------ Collected data

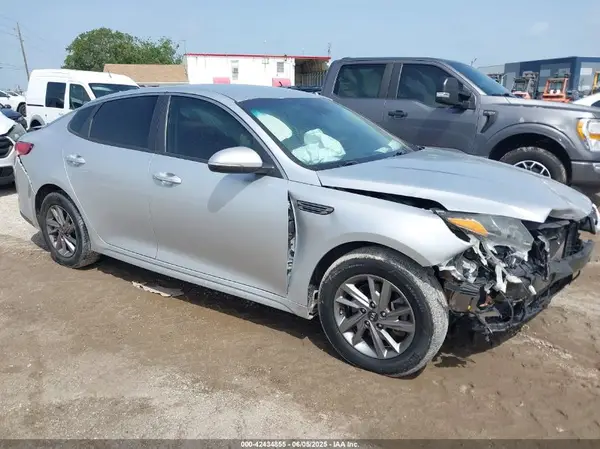 5XXGT4L37KG281329 2019 KIA OPTIMA - Image 1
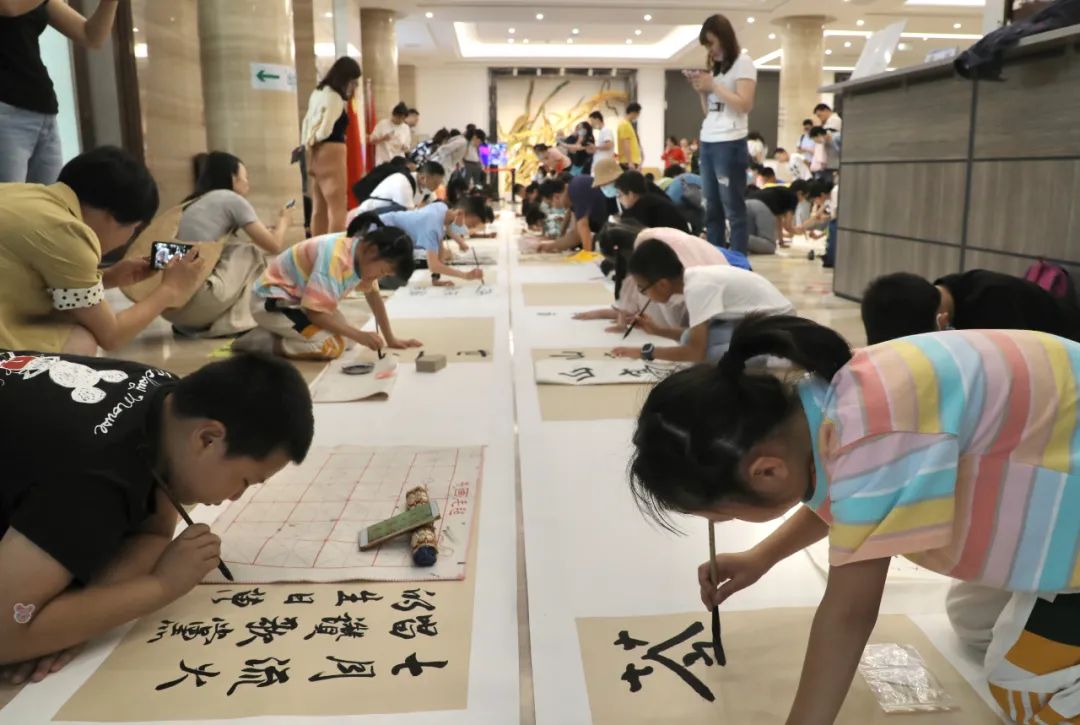 翰墨飘香庆六一 童心向党贺华诞——庆祝建党100周年 成都青少年儿童书写百米长卷活动举行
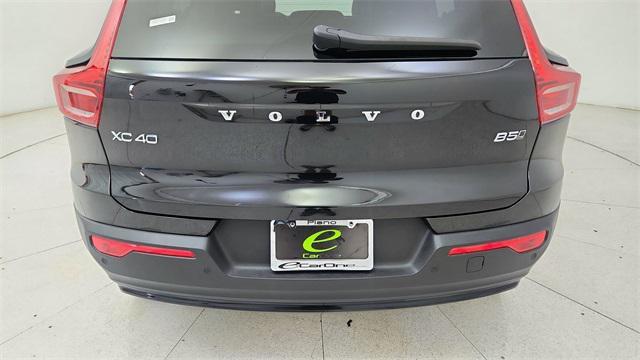used 2025 Volvo XC40 car, priced at $30,950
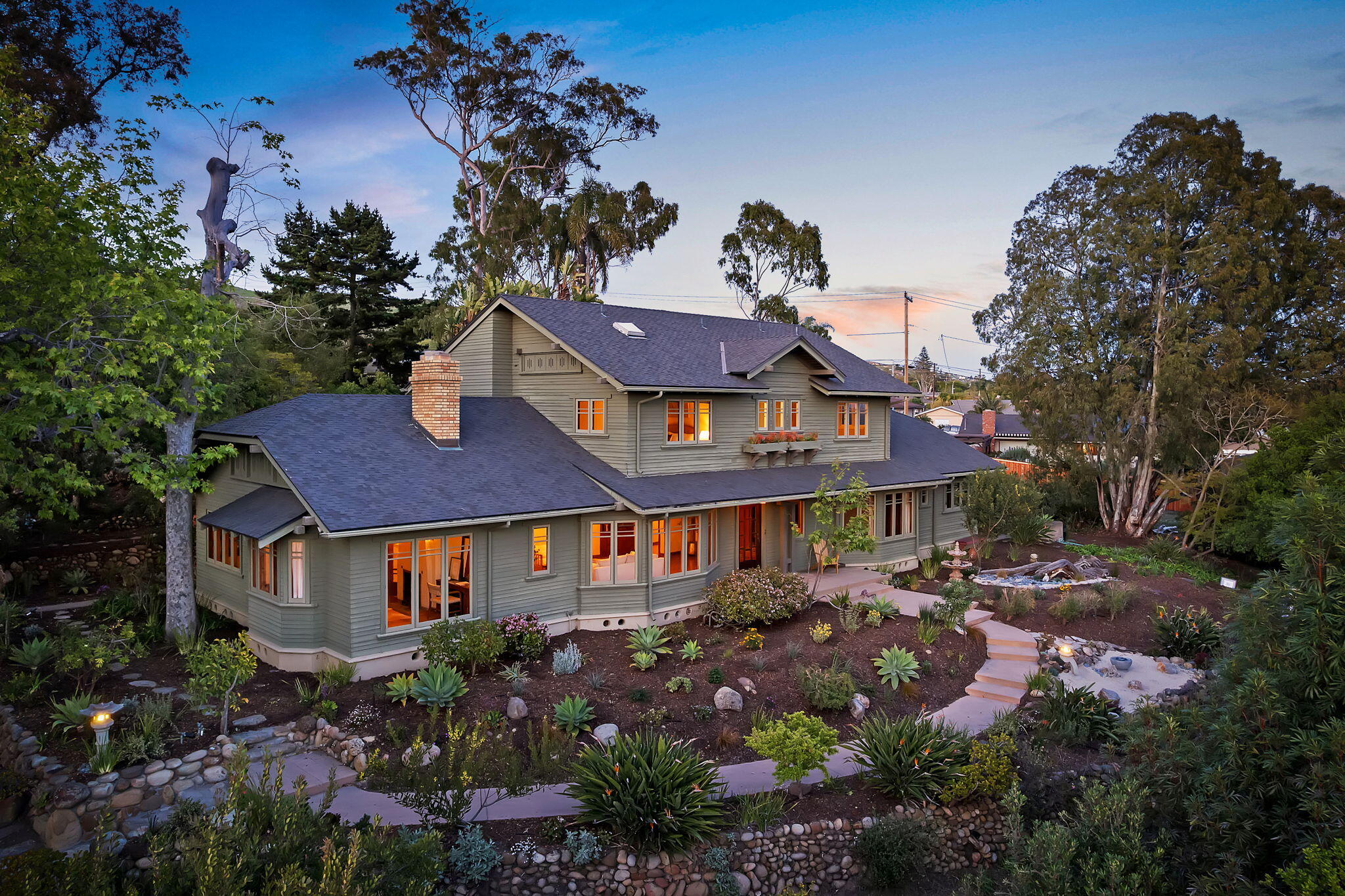 Ventura, California 93003, United States, 5 Bedrooms Bedrooms, ,5 BathroomsBathrooms,Residential,Active,107012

------------

Every word of the data should be reproduced exactly; please omit any pictures.

**Your response:**
 5XXGT4L37KG281329 2019 KIA OPTIMA - Image 1
 翰墨飘香庆六一 童心向党贺华诞——庆祝建党100周年 成都青少年儿童书写百米长卷活动举行
used 2025 Volvo XC40 car, priced at $30,950
 Ventura, California 93003, United States, 5 Bedrooms Bedrooms, ,5 BathroomsBathrooms,Residential,Active,107012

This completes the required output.